=== Problem details ===
Below are lines of data, and only some are wanted. Please repeat exactly those from the line that has "Chiahung Su Womens" through the line that has "Фото 8 - Nio ET5".

=== Data provided ===
******

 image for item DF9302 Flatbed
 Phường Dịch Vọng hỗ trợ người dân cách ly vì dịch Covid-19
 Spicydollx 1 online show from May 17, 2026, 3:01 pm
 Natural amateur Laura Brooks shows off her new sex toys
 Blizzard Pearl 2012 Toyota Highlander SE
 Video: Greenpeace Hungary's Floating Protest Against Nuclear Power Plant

******

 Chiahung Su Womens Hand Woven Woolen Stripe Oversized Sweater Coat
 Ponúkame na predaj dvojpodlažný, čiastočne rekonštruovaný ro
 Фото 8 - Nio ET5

******

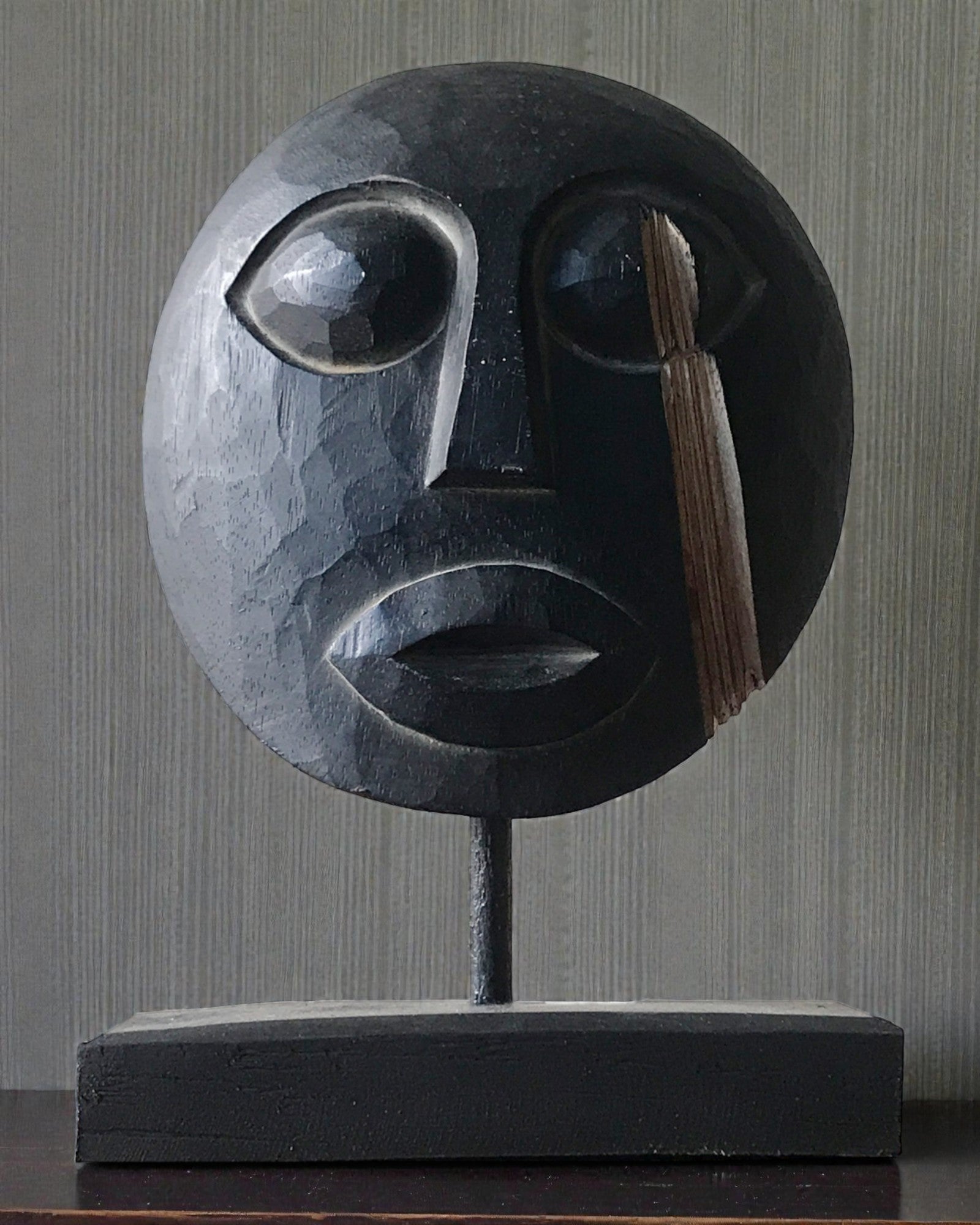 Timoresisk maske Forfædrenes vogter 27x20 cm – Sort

******

=== Task output ===
 Chiahung Su Womens Hand Woven Woolen Stripe Oversized Sweater Coat
 Ponúkame na predaj dvojpodlažný, čiastočne rekonštruovaný ro
 Фото 8 - Nio ET5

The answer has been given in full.